David T. Runia is Professorial Fellow in the School of Historical and Philosophical Studies at the University of Melbourne and Honorary Professor in the Institute for Religion and Critical Inquiry at the Australian Catholic University. Together with Jaap Mansfeld he published in 2020 a new edition and commentary on the Placita of the doxographer Aëtius. He has also published widely on Greek, Hellenistic-Jewish, and Patristic philosophy.

Bethany Somma is a postdoctoral researcher at the LMU in Munich. Their research focuses on psychology and ethics in ancient Greek philosophy and philosophy of the Islamic world, on which they have written several articles. They are the author of a monograph on desire in Aristotelian and Neoplatonic philosophy entitled Models of Desire in Graeco-Arabic Philosophy: From Plotinus to Ibn Ṭufayl (Brill, 2021).

Teun Tieleman is Professor of Ancient Philosophy and Medicine at the University of Utrecht. He specializes in the work of the physician-cum-philosopher Galen of Pergamum and in ancient Stoicism.
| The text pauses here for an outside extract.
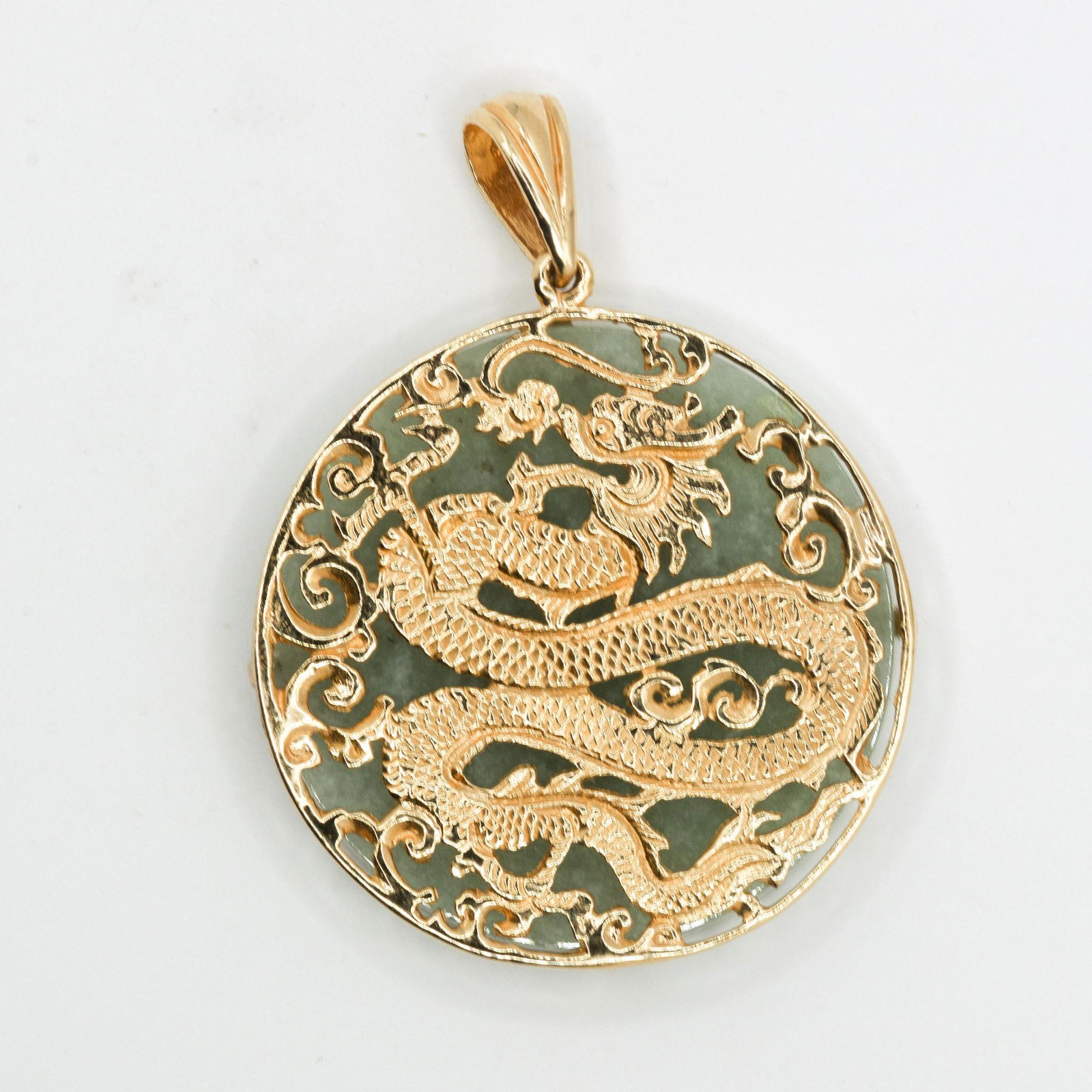 14K Green Jade Pendant (1 of 2)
At Utrecht he directs the research project Human Nature: Medical and Philosophical Perspectives in the Work of Galen of Pergamum. He is also co-director of the Anchoring Innovation programme, an interdisciplinary project designed to study the phenomenon of innovation in classical antiquity.

Elvira Wakelnig is Assistant Professor of Arabic Philosophy at the Department of Near Eastern Studies at the University of Vienna. She obtained her doctorate from the university of Erlangen-Nürnberg in 2006 and then worked as a post-doctoral researcher in Bochum, London, Halle, Warwick, Pisa, Lausanne, and Vienna. Her research focuses on the transmission of Greek sciences into Arabic and on the intellectual history of the Islamicate World.